---------- GIVEN MATERIAL
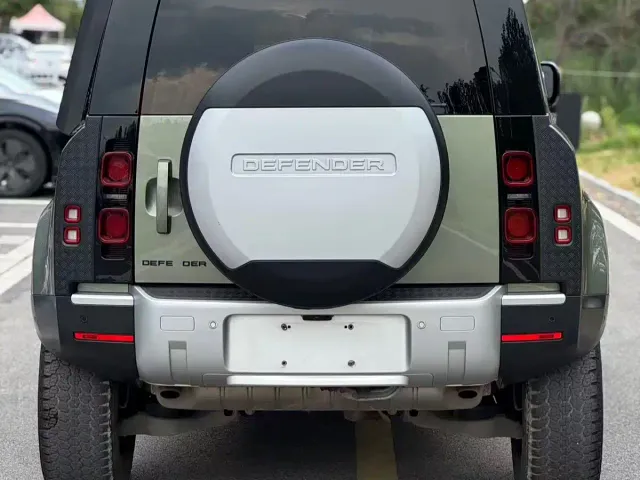 Land Rover Defender — Фото автомобиля 6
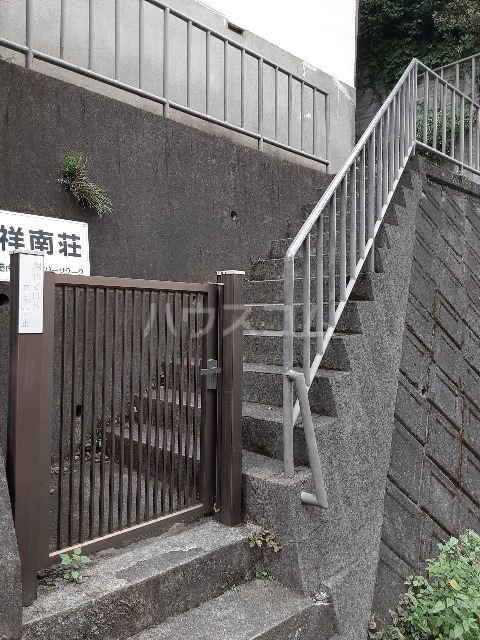 14/19 エントランス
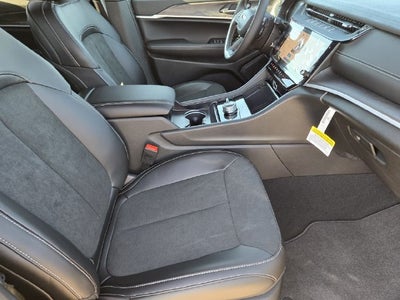 2026 Jeep Grand Cherokee Altitude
--------------------
• [WORK ORDER]: The entire listing is to be printed exactly, with each picture omitted.

• [PROBLEM SOLUTION]:
 Land Rover Defender — Фото автомобиля 6
 14/19 エントランス
 2026 Jeep Grand Cherokee Altitude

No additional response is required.